Surprise: Scrolling Through Facebook Posts Actually Has A Negative Effect

Surprise: Scrolling Through Facebook Posts Actually Has A Negative Effect

A study conducted by researchers at the University of British Columbia revealed that Facebook posts heavily contribute to people’s negative feelings about themselves, including lower self-worth. But, jealousy is what people mostly feel when scrolling through the dolled-up  lives of their friends.  

Past studies have linked social media use to depression, anxiety and narcissism but these studies never got to the root of the cause for such feelings.

Co-author of the recent study, Izak Benbasat, entitled the study “Why Following Friends Can Hurt You.” Researchers evaluated survey responses from almost 1,200 German university students regarding their Facebook habits as well as their emotions felt while using the network.

While 38% of respondents stated that using Facebook is pleasurable, the most common response to the question of “Which emotion do you feel the most when using Facebook?” was envy.

But, it took some specific questioning to get students to realize they felt envious. Benbasat pointed out that,  “If we asked people directly ‘What do you feel?’ only 25% mention envy.” However, that number increases to 50% when asked about their general feelings. Benbasat believes that, “The truth is somewhere in the middle.”

63% of the time, posts about travel and leisure triggered users’ feelings of envy and inadequacy. That is compared to 18% of the time when friends discuss the same issues in a conversational setting.

Interestingly, the study revealed that a person’s tendency to compare his or her experiences with friends actually lessens that person’s enjoyment in their own experiences unless it is believed that they will be better than others’.

Benbasat said that, “Most of the time people on Facebook are trying to show their good sides, not their bad sides. When envy goes up, emotional and social well-being comes down.” That in turn increases feelings of stress, sadness and loneliness.
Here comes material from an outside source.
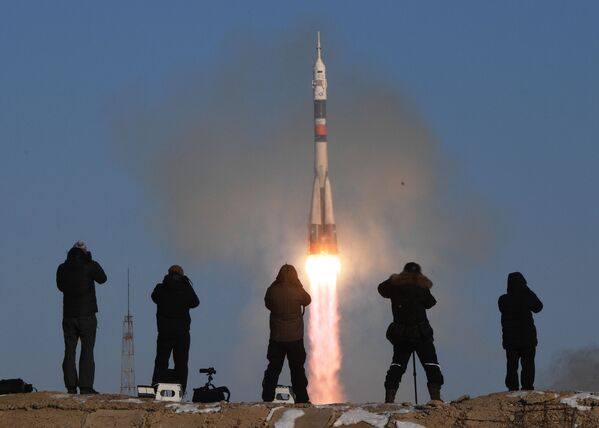 Tên lửa đẩy Soyuz-FG cùng với tàu vũ trụ Soyuz MS-07  từ Sân bay vũ trụ Baikonur - Sputnik Việt Nam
Millennials are particularly susceptible to these feelings of unhappiness due to the disparities between expectations and reality.

Benbasat noted that, “From other studies, we know that feelings of envy are higher when you are younger.”

To cope with those sad feelings, people sometimes try to make themselves look good in their social media posts. “There is a reaction to when people feel envious they will post good, pleasant information about themselves.” Ironically, this only feeds into the continuing problem.